Combination products that contain an inhaled corticosteroid (ICS) and a long-acting beta2 adrenergic agonist (LABA), including SYMBICORT, are important medications for many patients2,3 and are a mainstay of inhalational therapy for asthma and COPD. AstraZeneca’s investment to fully explore indications in different populations shows our continued commitment to the respiratory space.
SYMBICORT is indicated for the treatment of asthma in patients 6 years of age and older.4 SYMBICORT should be used for patients not adequately controlled on a long-term asthma-control medication such as an ICS or whose disease warrants initiation of treatment with both an ICS and LABA.4
SYMBICORT 160/4.5 µg is indicated for the maintenance treatment of airflow obstruction in patients with chronic obstructive pulmonary disease (COPD), including chronic bronchitis and/or emphysema, and to reduce COPD exacerbations.4
SYMBICORT is not indicated for the relief of acute bronchospasm.4
What are some milestones that speak to SYMBICORT’s evolution over the past several years?
Last year was an important year of milestones for SYMBICORT because the FDA approved three label updates, made possible through several clinical trials. These included a safety/efficacy pediatric asthma indication trial in patients 6 to <12 years of age, a Phase 3b trial designed to support approval of the COPD exacerbation indication, which I helped design and execute, and a LABA post marketing safety study in asthma patients ≥12 years of age, which was part of an FDA-required class-wide clinical trial program conducted by manufacturers of ICS/LABAs that evaluated the risk of serious asthma-related events with ICS/LABA versus ICS alone.

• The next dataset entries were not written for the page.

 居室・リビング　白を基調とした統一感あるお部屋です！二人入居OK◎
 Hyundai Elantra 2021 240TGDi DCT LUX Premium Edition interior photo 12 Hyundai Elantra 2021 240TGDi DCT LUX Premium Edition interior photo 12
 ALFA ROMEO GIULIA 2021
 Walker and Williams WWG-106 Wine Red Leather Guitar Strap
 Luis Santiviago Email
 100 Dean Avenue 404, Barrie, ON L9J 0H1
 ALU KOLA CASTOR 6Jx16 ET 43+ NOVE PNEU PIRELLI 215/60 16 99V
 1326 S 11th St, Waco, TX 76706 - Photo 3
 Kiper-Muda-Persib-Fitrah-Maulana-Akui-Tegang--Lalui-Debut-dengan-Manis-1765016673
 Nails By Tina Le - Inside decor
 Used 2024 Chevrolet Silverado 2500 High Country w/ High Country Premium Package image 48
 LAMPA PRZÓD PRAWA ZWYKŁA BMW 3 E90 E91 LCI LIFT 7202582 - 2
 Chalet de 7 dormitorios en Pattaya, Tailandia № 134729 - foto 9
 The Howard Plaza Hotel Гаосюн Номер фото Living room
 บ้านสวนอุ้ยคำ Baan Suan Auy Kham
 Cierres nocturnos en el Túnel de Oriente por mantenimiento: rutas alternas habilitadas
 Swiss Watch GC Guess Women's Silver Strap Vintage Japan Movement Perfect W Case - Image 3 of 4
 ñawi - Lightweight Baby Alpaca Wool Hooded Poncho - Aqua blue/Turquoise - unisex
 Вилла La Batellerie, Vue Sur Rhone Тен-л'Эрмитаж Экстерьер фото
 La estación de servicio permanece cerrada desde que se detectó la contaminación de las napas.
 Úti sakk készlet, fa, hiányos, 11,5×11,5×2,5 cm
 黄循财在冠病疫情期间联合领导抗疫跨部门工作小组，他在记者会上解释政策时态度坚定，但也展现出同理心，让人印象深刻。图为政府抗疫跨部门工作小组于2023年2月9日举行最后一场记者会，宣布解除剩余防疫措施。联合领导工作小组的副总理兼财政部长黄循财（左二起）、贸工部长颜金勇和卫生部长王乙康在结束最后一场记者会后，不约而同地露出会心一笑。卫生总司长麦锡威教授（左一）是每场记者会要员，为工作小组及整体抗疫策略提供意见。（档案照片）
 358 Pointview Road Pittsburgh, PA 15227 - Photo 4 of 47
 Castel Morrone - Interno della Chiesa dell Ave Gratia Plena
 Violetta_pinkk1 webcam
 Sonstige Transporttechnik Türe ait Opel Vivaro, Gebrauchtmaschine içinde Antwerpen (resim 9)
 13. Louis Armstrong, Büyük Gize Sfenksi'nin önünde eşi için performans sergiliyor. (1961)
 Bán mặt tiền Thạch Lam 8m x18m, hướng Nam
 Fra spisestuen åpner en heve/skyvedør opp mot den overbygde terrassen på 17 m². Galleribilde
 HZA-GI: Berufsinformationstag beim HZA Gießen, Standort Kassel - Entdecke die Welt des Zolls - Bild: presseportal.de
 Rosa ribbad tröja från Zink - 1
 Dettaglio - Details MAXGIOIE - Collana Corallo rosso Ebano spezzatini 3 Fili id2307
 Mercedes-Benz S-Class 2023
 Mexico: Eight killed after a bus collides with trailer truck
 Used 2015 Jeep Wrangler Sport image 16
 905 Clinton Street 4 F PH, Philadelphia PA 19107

In January 2017, SYMBICORT 80/4.5 µg was approved for the treatment of asthma in patients aged six up to 12 years. SYMBICORT 80/4.5 µg and 160/4.5 µg were already approved in the US to treat asthma in patients 12 years and older.5
In September 2017, SYMBICORT 160/4.5 µg was approved for reducing exacerbations in patients with COPD. This added to the previously approved indication of maintenance treatment of airflow obstruction in patients with COPD including chronic bronchitis and/or emphysema.5
In December 2017, the US Food and Drug Administration (FDA) approved updates to the labeling for all ICS/LABA products, including SYMBICORT. These updates included removal of the Boxed WARNING for serious asthma-related outcomes.5 The ICS/LABA labels all retain a Warning and Precaution related to an increased risk of asthma-related death when LABAs are used without an ICS in the treatment of asthma.5 These label updates were a result of an FDA review of 4 post-marketing LABA safety studies conducted with ICS/LABA products, including the study with SYMBICORT.5
IMPORTANT SAFETY INFORMATION FOR SYMBICORT
SYMBICORT is indicated for the treatment of asthma in patients 6 years and older not adequately controlled on a long-term asthma-control medication such as an ICS or whose disease warrants initiation of treatment with both an ICS and LABA. (also see DOSAGE AND ADMINISTRATION).
SYMBICORT 160/4.5 is indicated for the maintenance treatment of airflow obstruction in patients with chronic obstructive pulmonary disease (COPD), including chronic bronchitis and/or emphysema, and to reduce COPD exacerbations.
SYMBICORT is NOT indicated for the relief of acute bronchospasm.